Heavy on action, light on…pretty much everything else
|Adam Cheng as General Yang|
|Xu Fan as Mrs Yang|
|Seven handsome blokes as General Yang’s sons|
|Ady An as Princess Chai Latte|
|with Shao Bing as Yelu Yuan|
I‘m not normally able to watch many Hong Kong films, but sometimes, the opportunity presents itself – like when you’re flying from Hong Kong on a Cathay Pacific flight. Go figure. Anyway, my impression of Hong Kong cinema is that they’re very good at action, martial arts and comedy movies (sometimes, a combination of all three if Jackie Chan is involved), and not much else. Saving General Yang is most definitely an action movie. Despite being presented as an epic in the trailer, it never reaches the length and storyline and character depth that is required of it.

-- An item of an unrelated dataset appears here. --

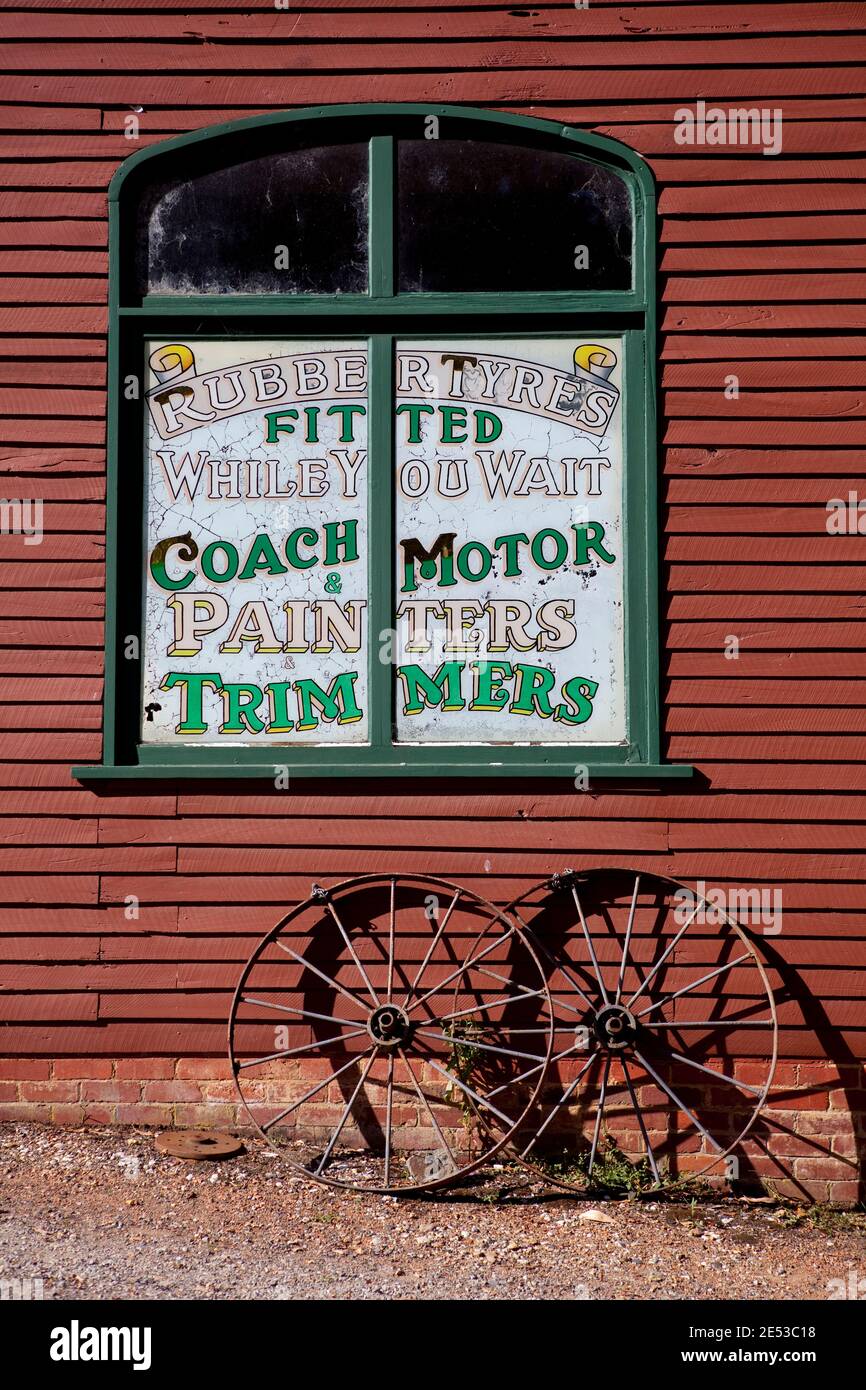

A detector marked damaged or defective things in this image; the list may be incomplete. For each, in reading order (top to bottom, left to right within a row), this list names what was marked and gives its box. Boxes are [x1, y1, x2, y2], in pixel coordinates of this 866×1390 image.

rusty metal wheel [230, 878, 556, 1195]
rusty metal wheel [500, 867, 778, 1195]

First, a bit of background. In the thousands of years of Imperial Chinese history, there have been quite a few legendary stories and some have made it to the mainstream all over the world. Journey to the West for example, has been adapted faithfully and not so faithfully as Monkey and Dragonball respectively. The stories and fables of the Yang family during the Song dynasty in Ancient China is less internationally known, but is still much loved and studied in China. This film is based (pretty loosely it seems) on the fables and legends surrounding General Yang Ye and his sons.

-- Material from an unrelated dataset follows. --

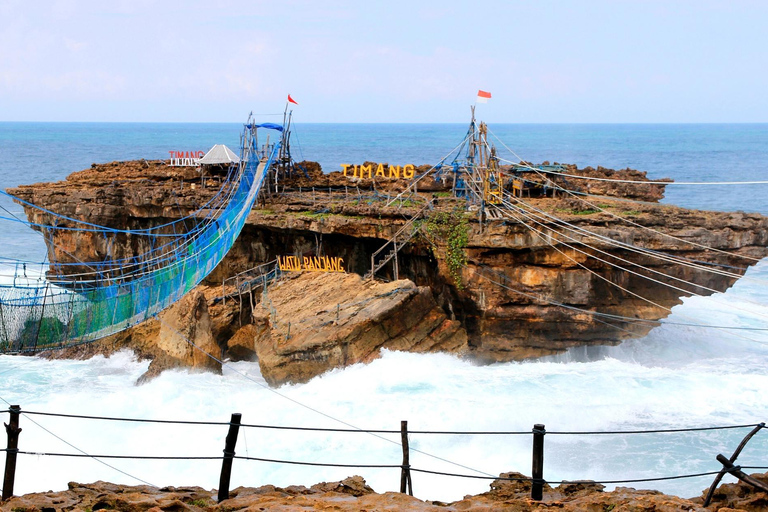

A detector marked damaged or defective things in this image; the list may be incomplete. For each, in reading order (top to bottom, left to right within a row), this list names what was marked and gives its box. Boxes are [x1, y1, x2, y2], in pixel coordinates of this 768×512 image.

rusty metal pole [2, 406, 21, 502]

The background of the movie is a invasion into the Song Empire by the northern Khitan nomadic people with a massive army. General Yang gets sent out under the command of someone vastly less competent and far more egotistical and gets trapped in a mountain fortress while his sons fight their way through the enemy blockade to rescue him. What follows is pretty standard fare in an action movie. There’s lots of cool shots of
tomato juice blood, fight scenes with swords, halberds and some kitchen sinks (actually, that last bit isn’t true) and nigh on impossibly hard to kill heroes. Oh and a prophecy that is ultimately misleading (what prophecy isn’t?).

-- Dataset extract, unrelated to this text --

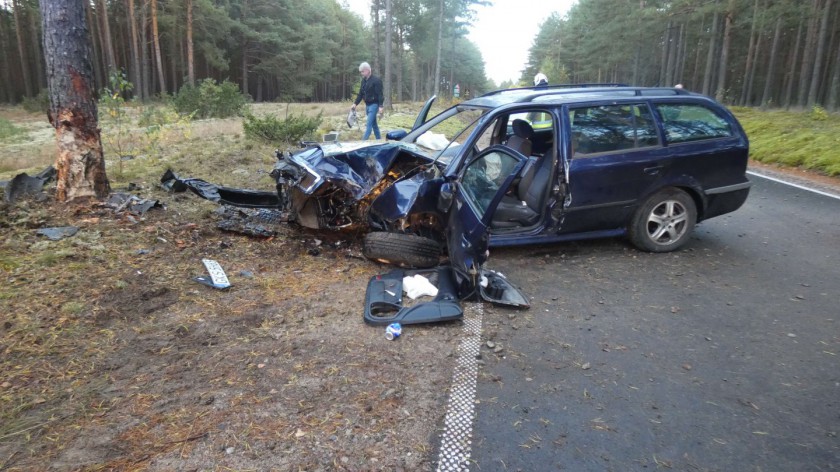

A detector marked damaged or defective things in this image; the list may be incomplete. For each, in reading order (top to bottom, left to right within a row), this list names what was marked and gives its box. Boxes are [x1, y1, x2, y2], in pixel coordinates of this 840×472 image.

crumpled hood [278, 140, 434, 199]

The thing that really irks me is the crass stupidity of some of the characters, leading to some downright stupid scenes on both the good and bad sides of the tale. This is marked abruptly, but in some ways also not so surprisingly when one of our heroes kills one of the bad guy’s lieutenants. Only, ten seconds later, the bad guy spears the hero dead and rides across the screen in his horse, conveniently picking up his spear. I mean, seriously, if you were THAT CLOSE to the fight, why the hell didn’t you help your lieutenant in the first place? This scene epitomises just what’s wrong with a lot of this movie. Characters
die are seemingly sacrificed senselessly like this for storyline convenience or a quick and dirty emotional scene and it would be almost comical were it not for the fact that the movie is entirely serious – apart from that one beheading in the middle.
At the end of the day, Saving General Yang is indeed a good martial arts and sword fighting action flick. However, if you think going in that it has any deep, weighty statements for further philosophical analysis, then don’t come here. You don’t even get any good political intrigue or real historical lessons. There’s really only one grey character (and he’s the bad guy), everyone else is either good, bad or an idiot and the only comic relief is killed off far before his time. This is the sort of movie that doesn’t reward thinking of any kind and it would rather that you enjoy it for what it is, lots of violence followed by more violence and some pretty boys pouting and staring at things in the distance.
All action, nothing else. The story is cogent, but that’s because there’s not much in it.
Should I watch this?
I was on a plane. I didn’t have much choice. You? If you have a choice, go do something else. Gardening. Reading. Plumbing. Anything.